Claro que, eso no implicaba que sintiera realmente que pertenecía a esas celdas, sumergida entre la esclavitud, pero era lo que había tocado a su vida, por lo que procuraba no complicarse la existencia.

Pero, desde que ocurrió el altercado en la plaza Oeste, donde casi mató a Oliver en un insólito arrebato que ni ella misma se terminaba de explicar todavía, no sentía la misma familiaridad en el entorno más ameno de los pocos que había conocido en toda su vida.

El ambiente que sentía en las mazmorras ya no era el mismo, percibía con demasiada claridad la tensión que se creaba en tanto ella entraba en el recinto, sentía las miradas suspicaces sobre ella, sin importar qué tan disimuladas fueran, y se esforzaba para no oír lo que murmuraban los demás.

Y no era por la pelea. En numerosas ocasiones, y para diversión de los vigilantes, los esclavos tenían roces evocados por nimiedades, pero que provocaban reacciones precipitadas que, según los Vampiros, eran la única manera en la que las bestias irracionales sabían resolver los conflictos: llevándolos a una pelea física. De manera que, no era algo de mayor relevancia.

Pero la información desvelada antes del altercado, a Liah, le afectó más de lo que lo hubiese hecho haber acabado con la existencia de Oliver. Porque, de haber pasado eso –y no decía que fuese mejor, solo que sería más fácil lidiar con ello– no le hubiese costado tanto volver a ganar la confianza de sus hermanos. Sin embargo, con esto...

¿Qué lobo podía confiar en una Lycan marcada por la traficante de muerte?

Y quizá no era para tanto. Quizá los demás entendían que tuvo que dejarla, que ella no tenía más dominio sobre su vida que ellos y que todo lo que hizo, o no hizo, fue para sobrevivir en esa cruda realidad en la que ninguna de sus vidas valía una moneda de plata, incluso cuando los vendían por cientos de ellas cuando se trataba de un buen prospecto.

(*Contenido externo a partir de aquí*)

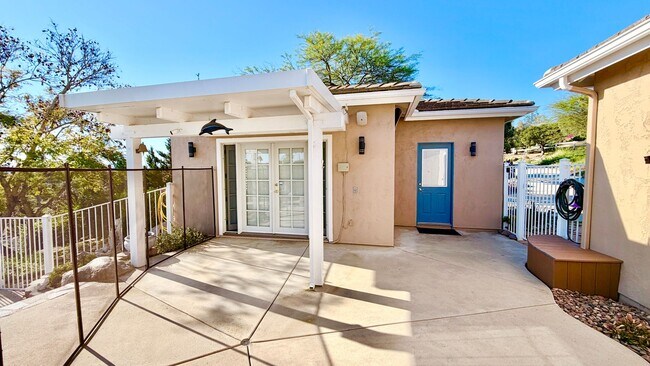 Building Photo - Darling Stand Alone & Detached Open Studio Layout Guest Home unit on Private Country Property in ...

Por ello, y únicamente por ello, era que no recibía miradas de odio. Solo de decepción. No obstante, no estaba segura de qué le hubiese herido menos.

— ¿No oís eso, Cedric?

Liah había estado en la celda del Lycan anciano desde poco antes del ocaso, cuando la jornada terminó y el agotado grupo de veteranos marchó al recinto arrastrando los pies, deseando que las horas pasaran a prisa para que la hora de la comida llegase lo antes posible.

Pese a la incomodidad que sintió en el ambiente desde el momento en que pisó las mazmorras, se decidió a que ello no le impediría aprovechar esos momentos tan escasos en los que podía tener un rato de convivencia con Cedric; así pues, se esforzó por sentirse lo más cómoda posible sentada en el piso de la celda con la espalda recargada a la pared.

—No escucho nada. —dijo Cedric al cabo de unos segundos de intentar captar a lo que la loba hizo referencia, sentado junto a ella con un distanciamiento prudencial.

—Exacto —afirmó, el viejo lobo se volvió a mirarla, ella le devolvió la intención —. Las mazmorras nunca están tan calladas.

Pero Cedric no contestó, y Liah no hubiese insistido, de no ser por el pequeño rumor del aroma del pesar que percibió.